Apart from practical contributions, the theory of Nested Periodic Subspaces offers answers to a number of fundamental questions that were previously unanswered. For example, what is the minimum contiguous data-length needed to be able to identify the period of a signal unambiguously? Notice that the answer we seek is a fundamental identifiability bound independent of any particular period estimation technique. Surprisingly, this basic question has never been answered before. In this thesis, we will derive precise expressions for the minimum necessary and sufficient datalengths for this question. We also extend these bounds to the context of mixtures of periodic signals. Once again, even though mixtures of periodic signals often occur in many applications, aspects such as the unique identifiability of the component periods were never rigorously analyzed before. We will present such an analysis as well.

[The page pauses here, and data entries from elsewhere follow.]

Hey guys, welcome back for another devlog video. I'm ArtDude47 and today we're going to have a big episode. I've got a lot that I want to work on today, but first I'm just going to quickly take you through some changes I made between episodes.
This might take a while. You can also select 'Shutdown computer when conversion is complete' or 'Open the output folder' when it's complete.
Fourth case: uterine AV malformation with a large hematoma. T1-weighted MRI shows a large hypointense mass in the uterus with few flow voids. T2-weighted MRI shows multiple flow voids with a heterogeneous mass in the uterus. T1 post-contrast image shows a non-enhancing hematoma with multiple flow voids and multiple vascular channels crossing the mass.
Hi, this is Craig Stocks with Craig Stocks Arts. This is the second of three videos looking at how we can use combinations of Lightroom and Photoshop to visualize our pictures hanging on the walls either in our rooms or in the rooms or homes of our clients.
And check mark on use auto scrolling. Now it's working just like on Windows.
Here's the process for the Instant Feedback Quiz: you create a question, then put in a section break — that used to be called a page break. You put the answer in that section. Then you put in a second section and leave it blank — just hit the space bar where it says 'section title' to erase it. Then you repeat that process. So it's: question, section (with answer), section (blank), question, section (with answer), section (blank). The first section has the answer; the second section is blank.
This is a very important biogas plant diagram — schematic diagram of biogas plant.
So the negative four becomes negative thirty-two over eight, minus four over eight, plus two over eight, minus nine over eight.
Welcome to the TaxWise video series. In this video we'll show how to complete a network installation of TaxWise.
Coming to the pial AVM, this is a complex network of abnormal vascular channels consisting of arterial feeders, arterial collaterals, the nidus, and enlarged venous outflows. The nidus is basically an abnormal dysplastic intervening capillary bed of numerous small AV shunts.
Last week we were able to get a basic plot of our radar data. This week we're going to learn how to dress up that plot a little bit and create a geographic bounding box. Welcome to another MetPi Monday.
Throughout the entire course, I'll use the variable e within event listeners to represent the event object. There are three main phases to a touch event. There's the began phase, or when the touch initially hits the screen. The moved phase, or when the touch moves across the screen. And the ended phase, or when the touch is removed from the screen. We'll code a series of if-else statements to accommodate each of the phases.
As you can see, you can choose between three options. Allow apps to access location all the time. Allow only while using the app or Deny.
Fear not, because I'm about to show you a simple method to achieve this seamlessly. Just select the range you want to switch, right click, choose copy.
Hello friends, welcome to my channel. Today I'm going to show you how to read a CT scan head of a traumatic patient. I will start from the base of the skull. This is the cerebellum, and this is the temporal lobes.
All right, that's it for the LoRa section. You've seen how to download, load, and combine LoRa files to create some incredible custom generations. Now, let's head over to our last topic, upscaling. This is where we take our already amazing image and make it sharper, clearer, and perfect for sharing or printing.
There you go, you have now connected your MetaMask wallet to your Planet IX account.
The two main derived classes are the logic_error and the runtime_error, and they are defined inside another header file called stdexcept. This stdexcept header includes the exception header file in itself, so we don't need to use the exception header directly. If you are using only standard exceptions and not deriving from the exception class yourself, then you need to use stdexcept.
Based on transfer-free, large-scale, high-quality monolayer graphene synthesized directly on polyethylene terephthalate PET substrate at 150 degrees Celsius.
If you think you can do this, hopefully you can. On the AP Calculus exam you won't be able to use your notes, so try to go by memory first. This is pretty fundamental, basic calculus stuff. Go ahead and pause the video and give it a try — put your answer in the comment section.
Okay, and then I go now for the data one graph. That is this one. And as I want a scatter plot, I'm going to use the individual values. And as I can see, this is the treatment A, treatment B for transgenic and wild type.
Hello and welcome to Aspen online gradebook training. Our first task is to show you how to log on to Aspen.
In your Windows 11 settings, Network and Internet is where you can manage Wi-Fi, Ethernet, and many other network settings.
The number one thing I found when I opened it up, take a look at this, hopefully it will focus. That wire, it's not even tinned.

While the above question deals with the minimum contiguous datalength required for period estimation, one may ask a slightly different question: If we are allowed to pick the samples of a signal in a non-contiguous fashion, how should we pick them so that we can estimate the period using the least number of samples? This question will be shown to be quite difficult to answer in general. In this thesis, we analyze a smaller case in this regard, namely, that of resolving between two periods. It will be shown that the analysis is quite involved even in this case, and the optimal sampling pattern takes an interesting form of sparsely located bunches. This result can also be extended to the case of multi-dimensional periodic signals.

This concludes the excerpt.